The word “reformed” can be defined simply in two ways:
1) It is a reference to our historical link to the Reformation of the 16th century and intends to describe us as the heirs of that tradition which comes from Luther, Calvin, Knox and other reformers. This reformed church tradition has produced the Westminster Standards and Three Forms of Unity confessional statements that have been handed down to us through the ages.
2) The word “reformed” is used most commonly to refer to certain theological distinctives which have marked reformation believers, particularly those in the Calvinist tradition.
These distincitives can be summarized by our glad affirmation of the responsibility of every person to repent and believe, and that it is God who, by His sovereign electing grace, draws men and women, otherwise dead in sin, to faith in His Son. By this faith alone are God’s people justified.
Reformed distinctives include the sovereignty of God in His creation, providence and election of believers apart from any merit of their own; the irresistible grace of God provided for and preceding the faith of the individual; the sufficiency of God’s grace apart from which man is dead in sin and wholly defiled in all his faculties of soul and body; the efficacy of Christ’s death for all those who believe in Him by grace; the safe-guarding of all those for whom Christ died for eternal life.
We seek to hold to our reformed convictions humbly, recognizing the sincerity and earnestness of Godly men and women who have other positions.
This means that we have a written confession of faith which we believe to be a good and accurate summary of the Bible’s teaching. Our confession consists of the Westminster Confession of Faith and the Larger Catechism and Shorter Catechism. These documents are not without flaw; yet we believe they do contain carefully worded summaries of the Bible’s content. All ruling and teaching elders in the Presbyterian Church in America (PCA) must vow that they hold to these standards and are required to indicate to their presbyteries or sessions where they take exceptions. It is important to note that every church has a confession, formal or informal, even though some claim they have “no confession but Christ” or “no creed but the Bible.” Every church summarizes its convictions in some form in order to distinguish its members from those who are not believers or those who do not believe in their church’s distinctives.

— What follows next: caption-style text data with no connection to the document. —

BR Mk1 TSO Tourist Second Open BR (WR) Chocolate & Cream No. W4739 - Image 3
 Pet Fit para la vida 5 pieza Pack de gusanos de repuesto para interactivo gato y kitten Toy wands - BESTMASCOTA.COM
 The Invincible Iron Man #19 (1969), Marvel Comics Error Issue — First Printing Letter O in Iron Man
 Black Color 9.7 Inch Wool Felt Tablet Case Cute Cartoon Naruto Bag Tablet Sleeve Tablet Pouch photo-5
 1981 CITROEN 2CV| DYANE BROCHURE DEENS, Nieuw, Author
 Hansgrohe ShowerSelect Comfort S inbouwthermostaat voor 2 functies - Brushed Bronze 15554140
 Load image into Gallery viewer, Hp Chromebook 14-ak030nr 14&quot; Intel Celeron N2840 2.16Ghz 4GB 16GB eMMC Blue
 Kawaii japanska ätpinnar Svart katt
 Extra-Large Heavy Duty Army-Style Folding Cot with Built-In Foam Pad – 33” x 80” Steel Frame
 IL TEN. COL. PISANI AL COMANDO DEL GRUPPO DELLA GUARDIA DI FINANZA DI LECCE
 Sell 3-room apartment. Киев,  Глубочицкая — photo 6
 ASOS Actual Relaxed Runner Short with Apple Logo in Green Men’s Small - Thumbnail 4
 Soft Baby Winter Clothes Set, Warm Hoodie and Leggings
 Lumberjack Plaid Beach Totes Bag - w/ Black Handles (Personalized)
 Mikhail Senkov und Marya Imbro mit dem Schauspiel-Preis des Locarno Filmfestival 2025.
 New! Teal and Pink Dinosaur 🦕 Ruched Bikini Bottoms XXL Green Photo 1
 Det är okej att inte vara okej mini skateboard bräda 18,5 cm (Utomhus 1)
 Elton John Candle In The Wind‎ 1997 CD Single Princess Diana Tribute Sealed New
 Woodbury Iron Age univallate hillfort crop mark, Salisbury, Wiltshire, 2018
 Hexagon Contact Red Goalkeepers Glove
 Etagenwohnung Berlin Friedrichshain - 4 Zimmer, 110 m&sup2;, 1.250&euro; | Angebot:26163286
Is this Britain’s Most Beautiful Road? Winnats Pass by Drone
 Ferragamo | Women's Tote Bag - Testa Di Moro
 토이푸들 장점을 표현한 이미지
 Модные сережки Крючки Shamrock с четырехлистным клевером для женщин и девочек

To say we are covenantal means we believe that the unifying principle of the Scriptures is the one covenant of grace that God made with Adam, Noah, Abraham, Moses, David and finally, and most importantly, in Jesus Christ. The covenant is a pledge or bond of loyalty which God made to His people through each of the above named persons. The covenant is a relationship of loving loyalty that God has initiated with us as His people throughout human history. To speak of the unity of the covenants means that there is one way and one way only to salvation in both Old and New Testaments-that is, by faith alone in Jesus Christ. This covenantal understanding of the Bible is in distinction from any system of organizing the Scriptures which would attribute differing ways of salvation to a succession of historical Biblical eras.